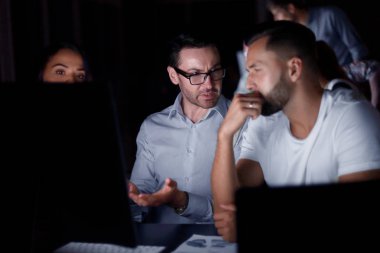 finansal veriler tartışırken çalışanlar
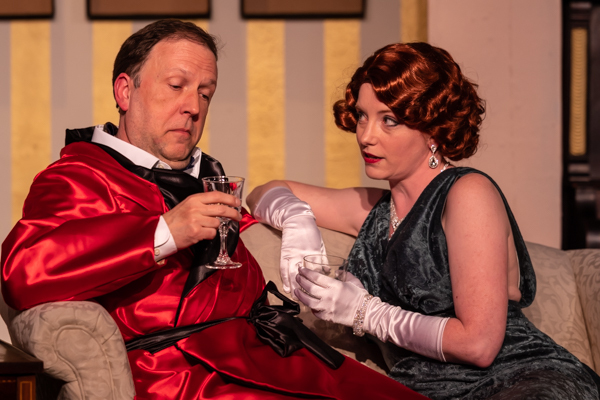 Photos: First look at Curtain Players' PRESENT LAUGHTER Image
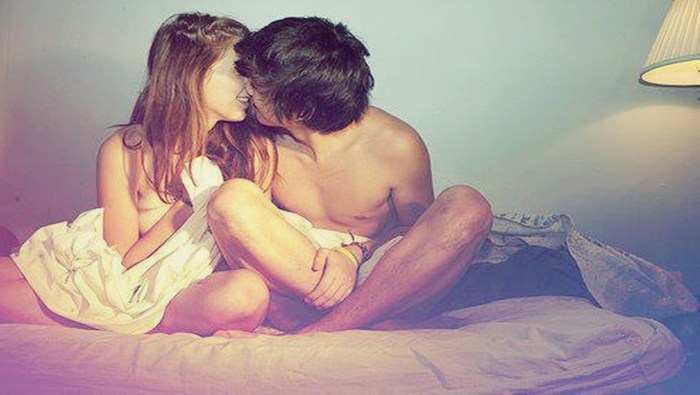 Teenage love in bed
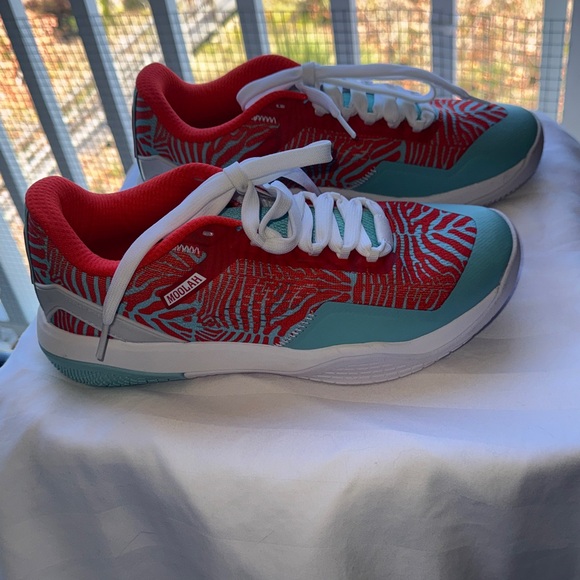 NWOT Moolah Kicks Neovolt Sports sneakers for women. - Picture 2 of 4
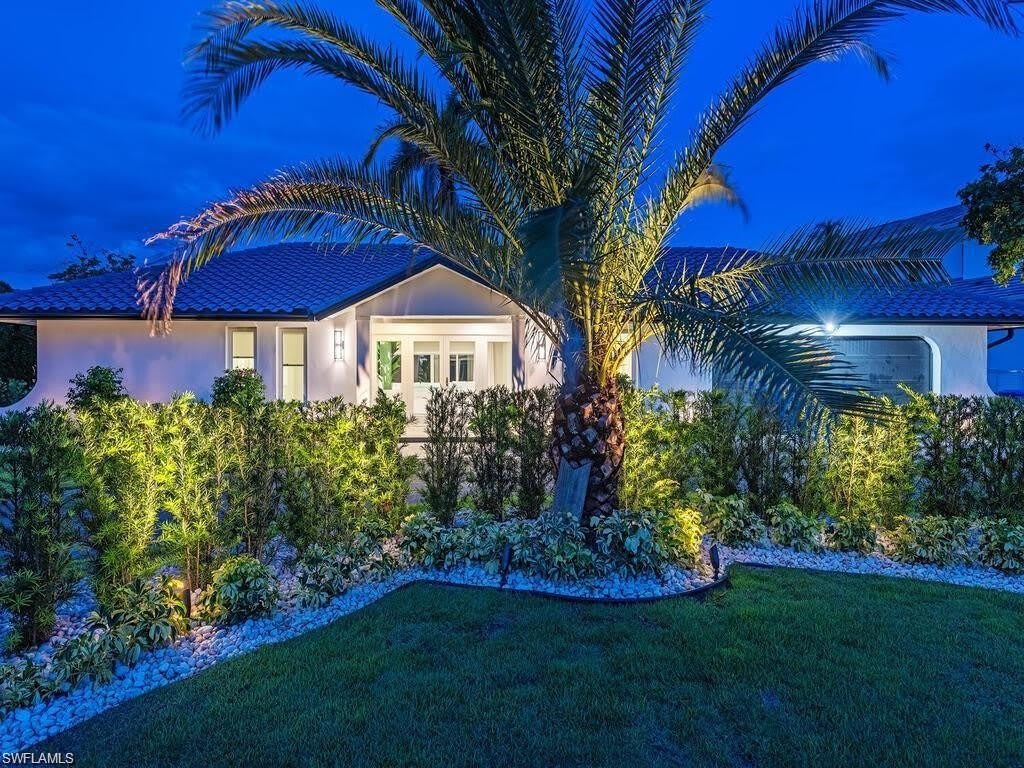 4856 Crayton Rd – photo 1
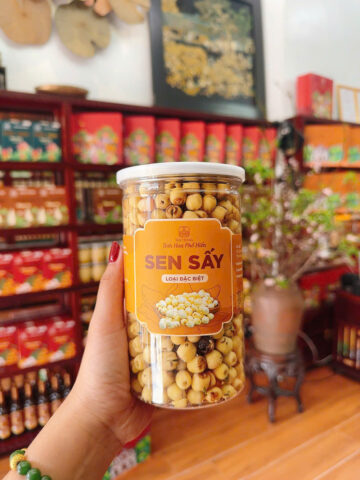 Hạt sen sấy giòn nguyên vị của Hưng Yên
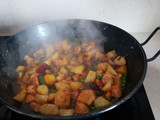 Arroz con pollo y patatas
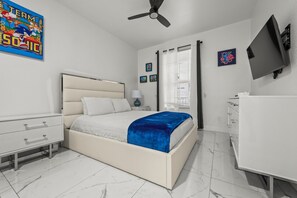 Fer et planche à repasser, Wi-Fi, draps fournis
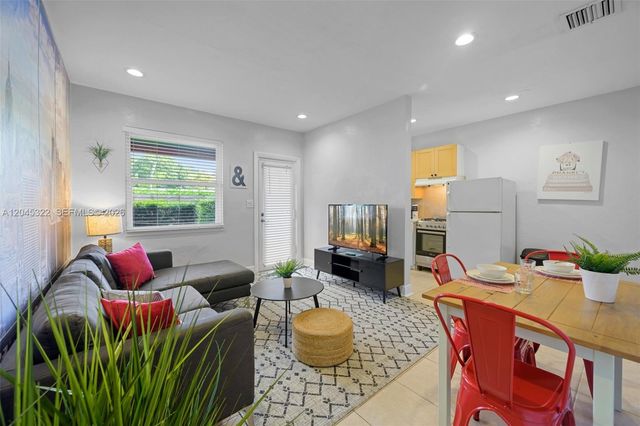 620 SW 7th St 1-6, Fort Lauderdale, FL 33315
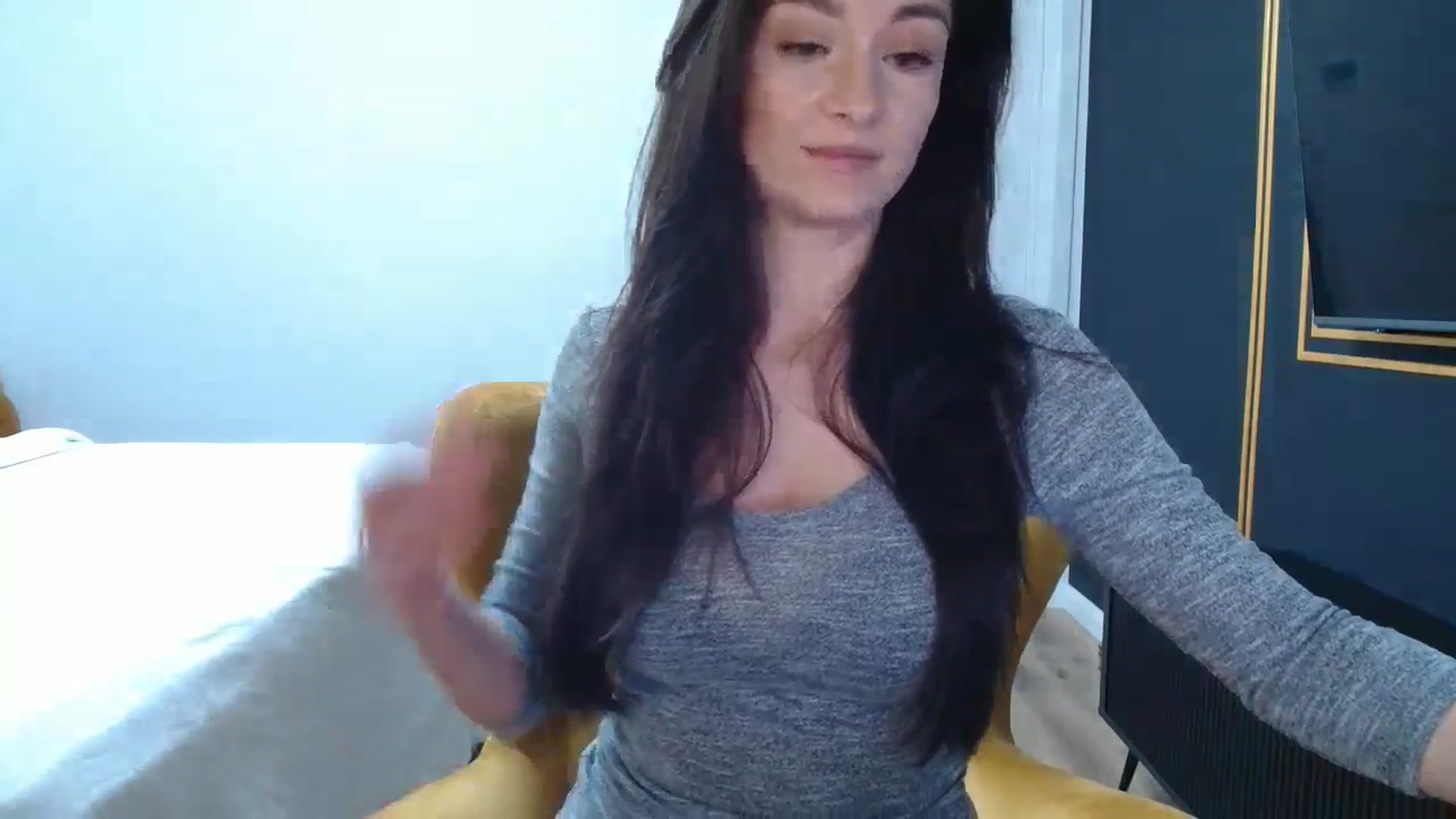 Gallery image thumbnail from LoryBell's myfreecams stream on, 03/15/2025, 24:27 image 12 of 20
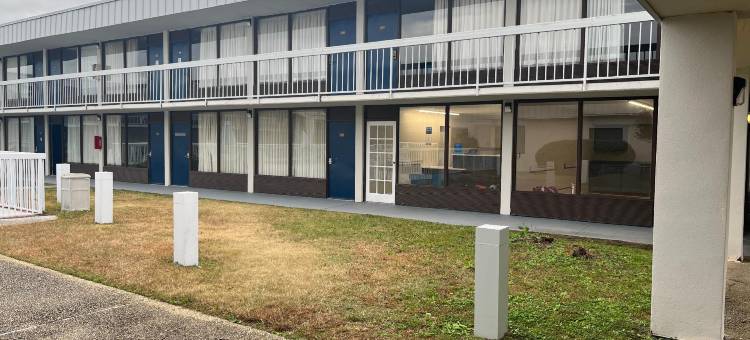 Motel 6 卢戈夫, 南卡罗来纳州(Motel 6 Lugoff, SC)图片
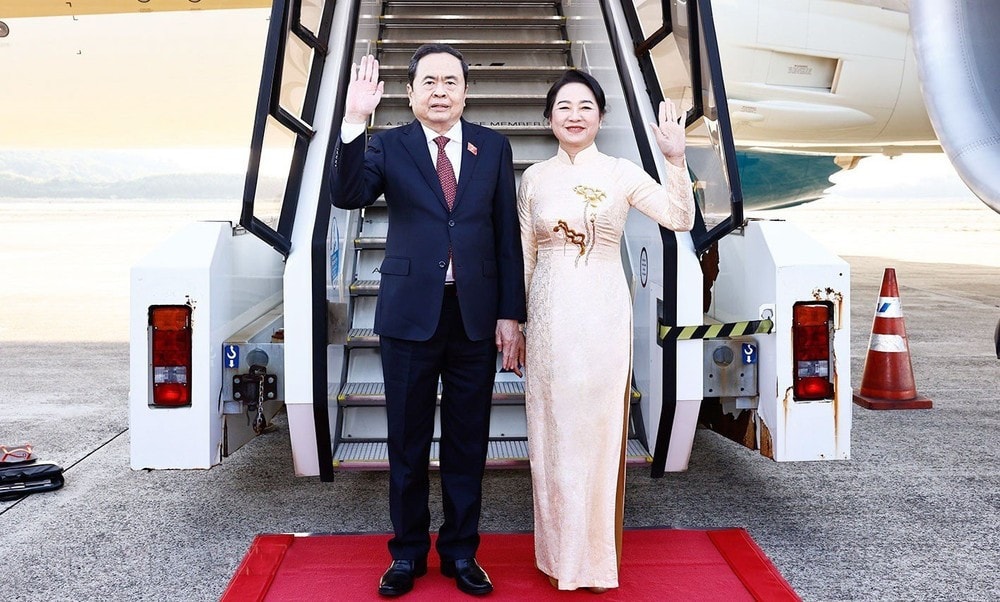 NA Chairman Tran Thanh Man and his spouse at Nagasaki airport. Photo: Doan Tan/VNA img-3847.jpg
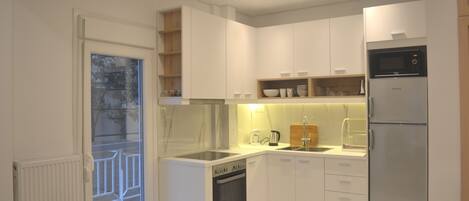 Fridge, microwave, oven, stovetop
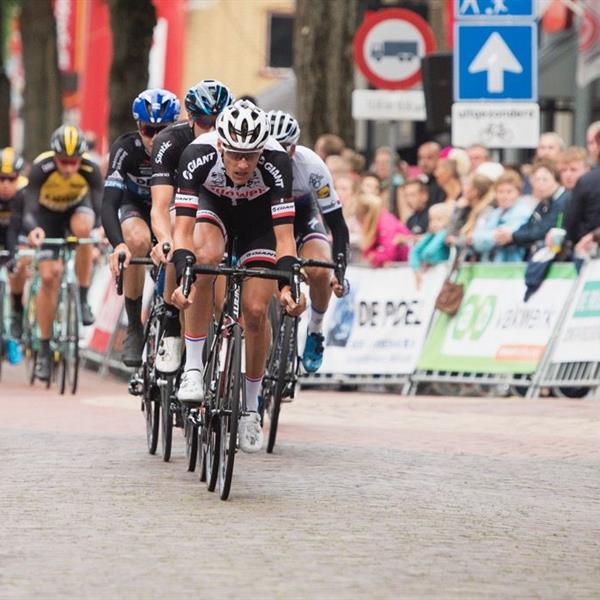 36e Profronde van Surhuisterveen 2017 (foto's AWFoto.nl) | Wielrennen Surhuisterveen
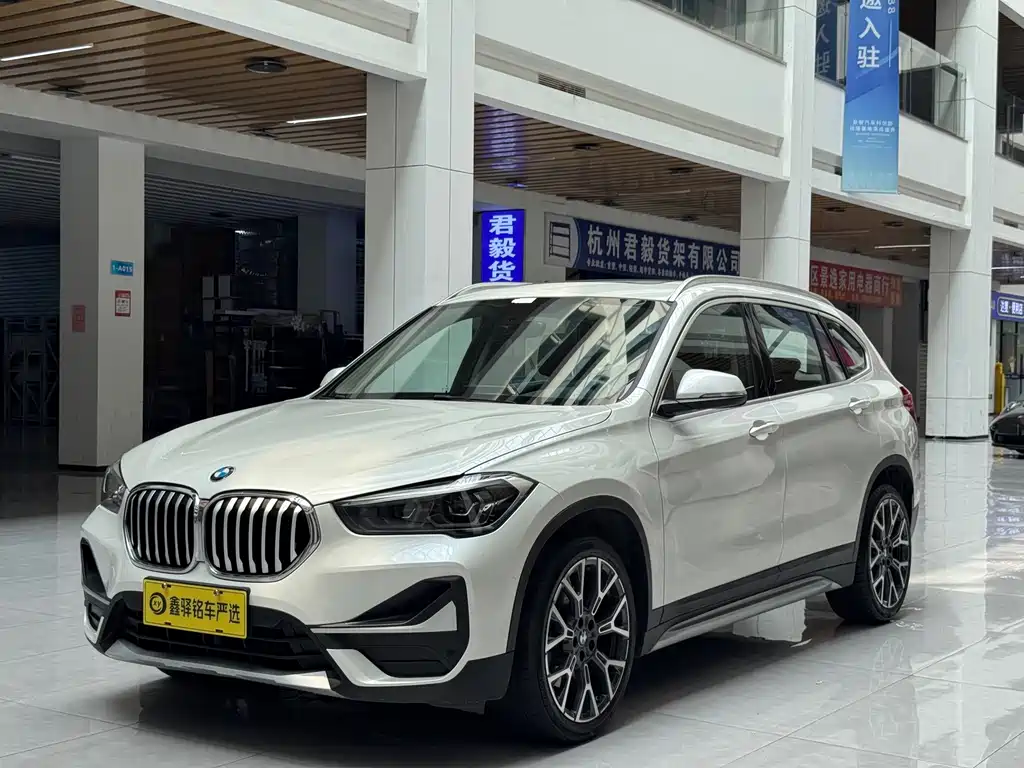 BMW X1 2020 — фото 1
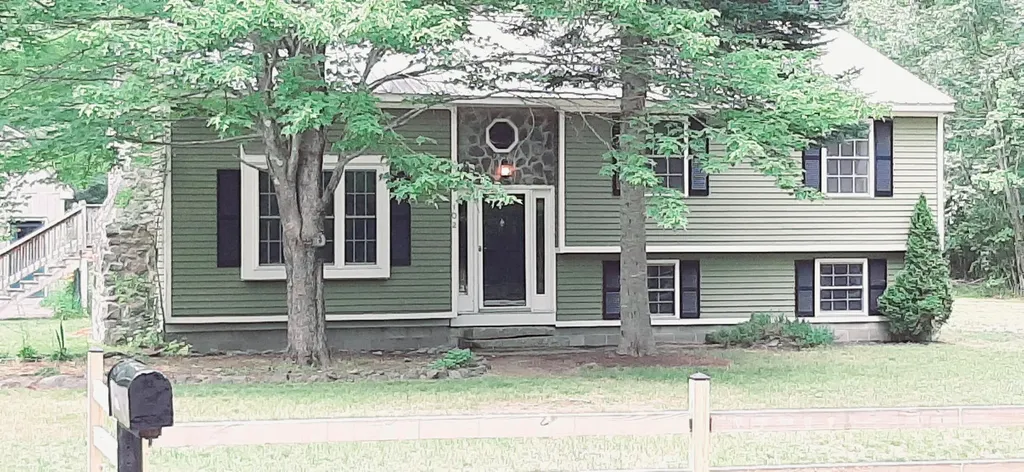 102 Hanscomb School Road Limington ME 04049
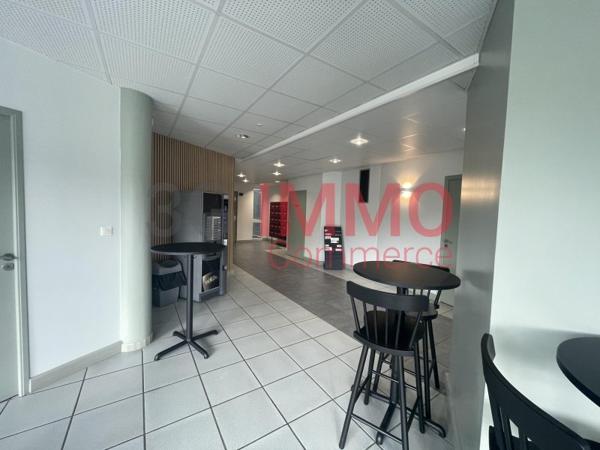 Location / Bureaux à Chasseneuil-du-Poitou (86360)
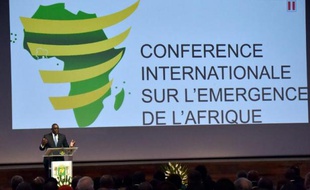 Le président sénégalais Macky Sall lors de l'ouverture de la "Conférence internationale sur l'émergence de l'Afrique", le 18 avril 2015 à Abidjan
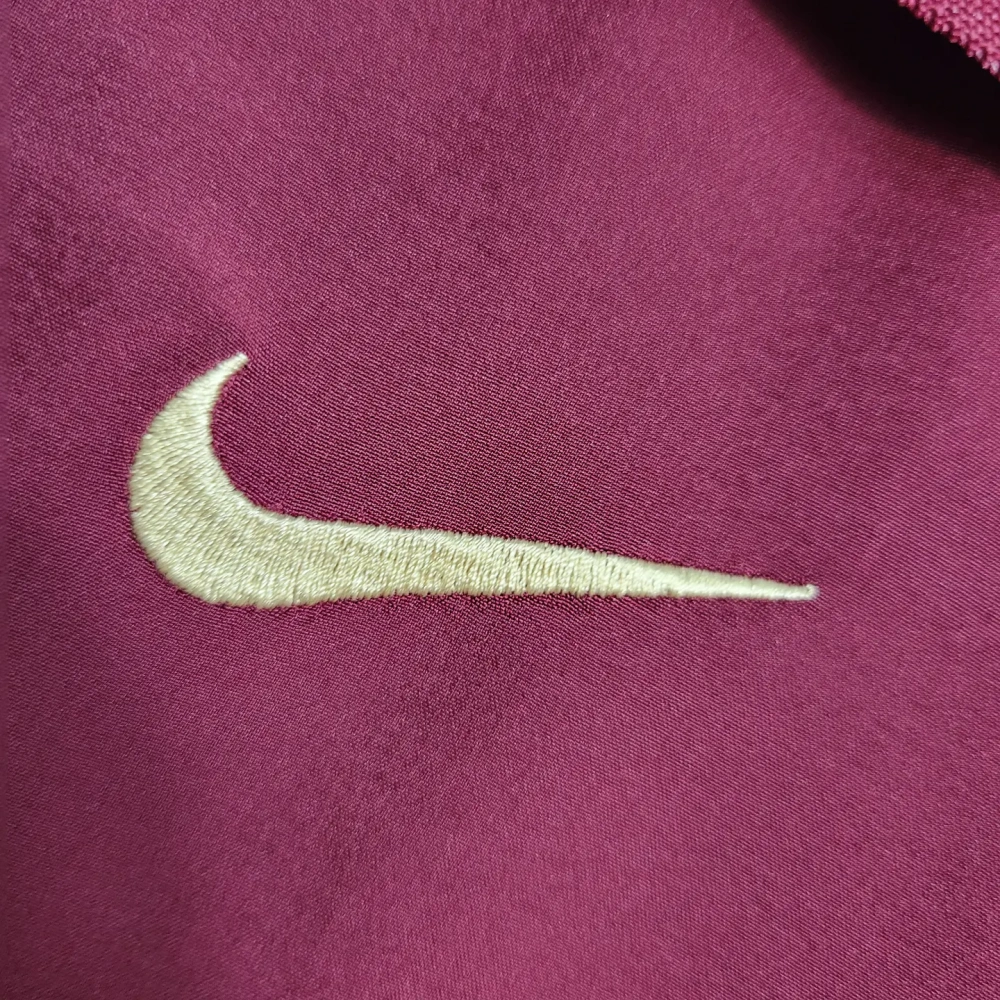 Arsenal Retro 05-06 Home Stadium Jersey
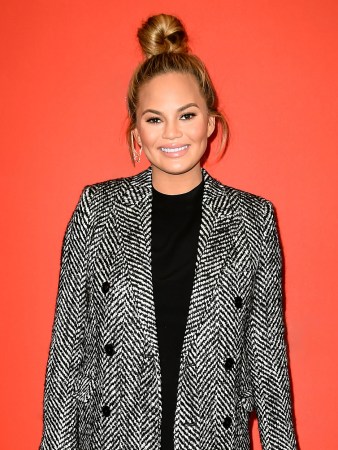 Dread Holiday Dish Duty? Chrissy Teigen Has a Tip for That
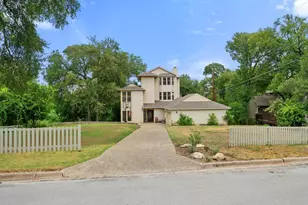 501 Westbrook Dr, Austin, TX 78746 - Photo 3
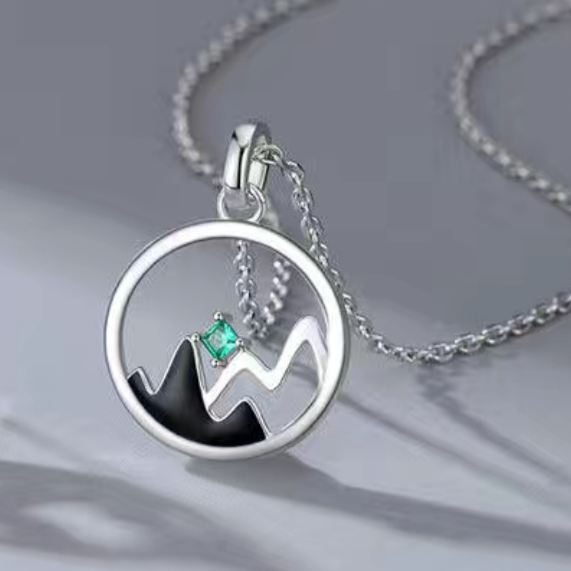 031女项链简约风锁骨颈链法式轻奢小众新品精致吊坠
== == ==
What you return must match, character for character, the lines above from the one with "620 SW 7th St 1-6, Fort Lauderdale, FL 33315" through the one with "BMW X1 2020 — фото 1", minus any pictures.

 620 SW 7th St 1-6, Fort Lauderdale, FL 33315
 Gallery image thumbnail from LoryBell's myfreecams stream on, 03/15/2025, 24:27 image 12 of 20
 Motel 6 卢戈夫, 南卡罗来纳州(Motel 6 Lugoff, SC)图片
 NA Chairman Tran Thanh Man and his spouse at Nagasaki airport. Photo: Doan Tan/VNA img-3847.jpg
 Fridge, microwave, oven, stovetop
 36e Profronde van Surhuisterveen 2017 (foto's AWFoto.nl) | Wielrennen Surhuisterveen
 BMW X1 2020 — фото 1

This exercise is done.